Federal Court Decisions

Decision Information

Decision Content

Date: 20040819

Docket: T-1313-04

Citation: 2004 FC 1150

Ottawa, Ontario, this 19th day of August, 2004

Present:           The Honourable Mr. Justice Harrington                              

BETWEEN:                           

BENNETT ENVIRONMENTAL INC.

                                                                                                                                            Applicant

                                                                         - and -

MINISTER OF THE ENVIRONMENT and

the CANADIAN ENVIRONMENTAL ASSESSMENT AGENCY

                                                                                                                                      Respondents

- and -

EEL RIVER BAR FIRST NATION, PABINEAU FIRST NATION,

MICMAC OF GESGAPEGIAG, LISTUGUJ MICMAC GOVERNMENT

and the BELLEDUNE CITIZENS COMMITTEE

Interveners

                                                        REASONS FOR ORDER


[1]                On May 21st this year, through a news release from the Canadian Environmental Assessment Agency, the then Minister of the Environment, the Honourable David Anderson, announced he was giving Bennett Environmental Inc. notice of his intention to refer its High Temperature Thermal Oxidizer facility in Belledune, New Brunswick to a review panel for an assessment of potential transboundary environmental effects in Québec and on federal lands and waters, the whole in accordance with the Canadian Environmental Assessment Act.   

[2]                The news release went on to say that although federal experts were of the view that the facility, which is intended to rid contaminated soil of pollutants, was not likely to cause significant adverse transboundary environmental effects, the Minister decided further assessment was needed because Health Canada was of the view that available data was too limited to state with absolute confidence that there were no human health concerns for transboundary communities.

[3]                This news release was followed in short order by a letter from the Agency to Bennett notifying it of the Minister's intention, and by a further news release on June 14th announcing the actual referral of the project to a federal review panel.

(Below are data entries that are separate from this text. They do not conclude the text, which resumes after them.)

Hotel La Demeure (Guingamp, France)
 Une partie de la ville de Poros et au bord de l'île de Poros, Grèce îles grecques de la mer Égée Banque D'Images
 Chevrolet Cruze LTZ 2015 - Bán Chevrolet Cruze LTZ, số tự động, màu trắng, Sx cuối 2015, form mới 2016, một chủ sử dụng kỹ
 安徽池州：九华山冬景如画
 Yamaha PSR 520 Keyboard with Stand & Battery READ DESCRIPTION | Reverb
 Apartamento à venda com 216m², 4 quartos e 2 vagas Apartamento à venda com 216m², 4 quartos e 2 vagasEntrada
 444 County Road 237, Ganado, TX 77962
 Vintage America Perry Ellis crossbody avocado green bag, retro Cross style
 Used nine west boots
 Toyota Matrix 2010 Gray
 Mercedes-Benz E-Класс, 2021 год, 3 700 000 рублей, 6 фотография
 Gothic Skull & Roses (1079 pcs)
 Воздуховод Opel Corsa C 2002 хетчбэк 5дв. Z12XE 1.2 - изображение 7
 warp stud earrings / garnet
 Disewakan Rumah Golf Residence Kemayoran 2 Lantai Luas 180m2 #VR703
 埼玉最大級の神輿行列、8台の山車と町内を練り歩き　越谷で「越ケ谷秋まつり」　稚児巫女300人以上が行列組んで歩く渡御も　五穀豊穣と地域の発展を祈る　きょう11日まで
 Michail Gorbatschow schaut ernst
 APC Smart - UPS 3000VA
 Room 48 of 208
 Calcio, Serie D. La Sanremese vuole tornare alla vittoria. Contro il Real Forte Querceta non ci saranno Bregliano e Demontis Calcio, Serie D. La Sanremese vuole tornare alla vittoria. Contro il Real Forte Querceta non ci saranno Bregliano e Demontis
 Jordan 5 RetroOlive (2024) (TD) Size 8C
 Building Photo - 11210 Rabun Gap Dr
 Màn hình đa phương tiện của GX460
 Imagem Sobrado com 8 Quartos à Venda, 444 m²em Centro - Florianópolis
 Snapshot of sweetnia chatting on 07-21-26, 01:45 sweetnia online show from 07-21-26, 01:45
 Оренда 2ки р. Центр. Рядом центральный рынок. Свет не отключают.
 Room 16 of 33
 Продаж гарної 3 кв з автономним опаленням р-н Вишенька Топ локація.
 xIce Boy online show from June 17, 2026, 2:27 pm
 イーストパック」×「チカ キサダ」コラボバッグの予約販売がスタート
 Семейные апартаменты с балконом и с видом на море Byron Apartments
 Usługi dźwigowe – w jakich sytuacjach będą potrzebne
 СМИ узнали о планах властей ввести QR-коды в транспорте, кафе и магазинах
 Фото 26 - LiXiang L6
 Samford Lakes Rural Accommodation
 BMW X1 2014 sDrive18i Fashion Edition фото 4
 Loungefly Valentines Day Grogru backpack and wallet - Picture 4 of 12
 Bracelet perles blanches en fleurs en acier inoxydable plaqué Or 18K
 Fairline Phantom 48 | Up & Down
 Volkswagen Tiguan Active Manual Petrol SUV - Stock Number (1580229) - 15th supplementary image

[4]                Before me is Bennett's application for judicial review of the June 14th decision. Bennett submits that:

a) the Minister did not actually make a decision. It follows that the review panel cannot proceed with its mandate;


b) if he did make a decision, it was not a decision Parliament empowered him to make. The Act permits environmental assessments of "projects".    The Belledune facility was well beyond the "project" stage this past May and June. In fact, construction of the facility, duly licenced by New Brunswick authorities, and which needed no federal approval, was more than 90% complete;

c) if the Minister was authorized to make a decision, it should be set aside on judicial review for unreasonableness, not only because federal experts, including Health Canada, were of the opinion that the project was not likely to cause significant adverse transboundary effects but also because the proposed standard was impossible to achieve as no one can predict the future with absolute confidence;

d) finally, the decision should be quashed because it was unfair in the circumstances.

[5]                I will deal with each submission in turn.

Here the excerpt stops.